DIRECTIONS FOR THIS TASK: All of the data must be written out verbatim, with pictures excluded.

PROVIDED RECORDS:
**********

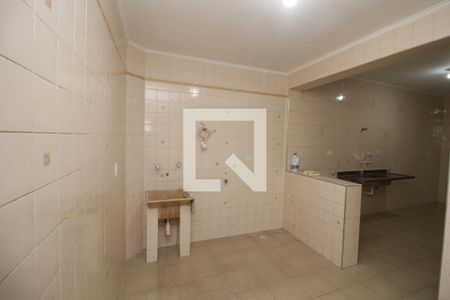 Casa para alugar com 85m², 2 quartos e 1 vagaÁrea de Serviço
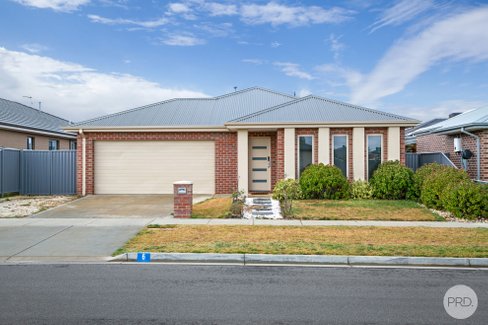 6 Monaghan Terrace, ALFREDTON VIC 3350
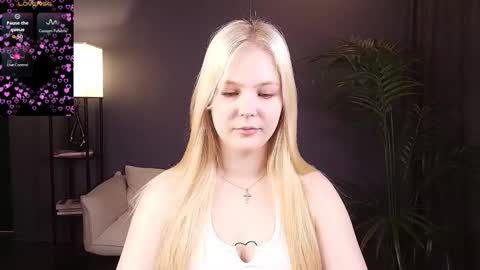 Snapshot of jolly_bean chatting on February 6, 2:38 am Polly online show from February 6, 2:38 am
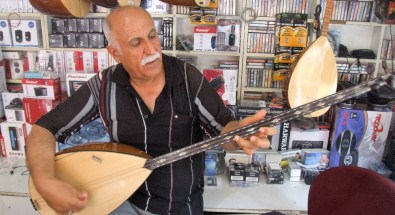 Hainlere Türkü İle Seslendi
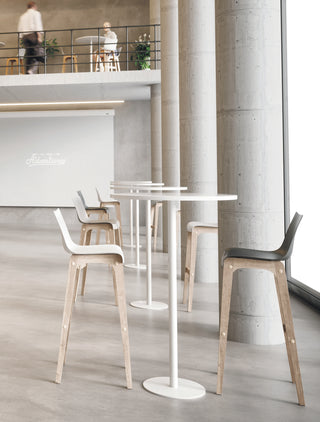 Buronomic Détente round high tables entirely in white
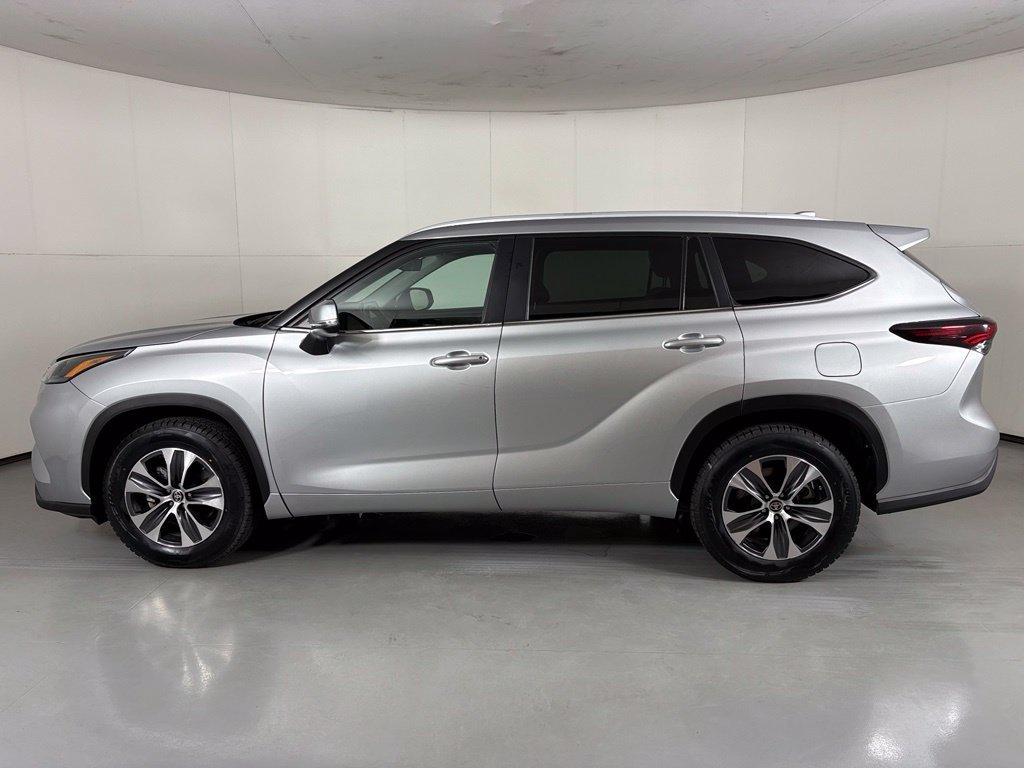 Used 2024 Toyota Highlander XLE FWD image 5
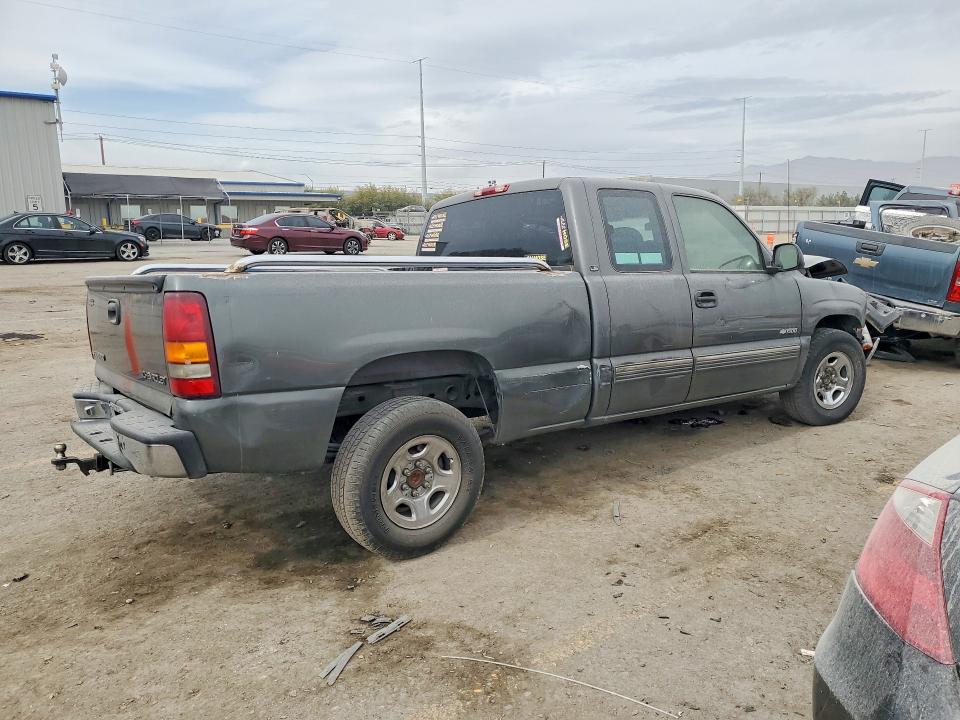 Photo 3 from auction – 2002 CHEVROLET SILVERADO with VIN 2GCEC19V221137238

**********

ANSWER TO THE EXERCISE:
 Casa para alugar com 85m², 2 quartos e 1 vagaÁrea de Serviço
 6 Monaghan Terrace, ALFREDTON VIC 3350
 Snapshot of jolly_bean chatting on February 6, 2:38 am Polly online show from February 6, 2:38 am
 Hainlere Türkü İle Seslendi
 Buronomic Détente round high tables entirely in white
 Used 2024 Toyota Highlander XLE FWD image 5
 Photo 3 from auction – 2002 CHEVROLET SILVERADO with VIN 2GCEC19V221137238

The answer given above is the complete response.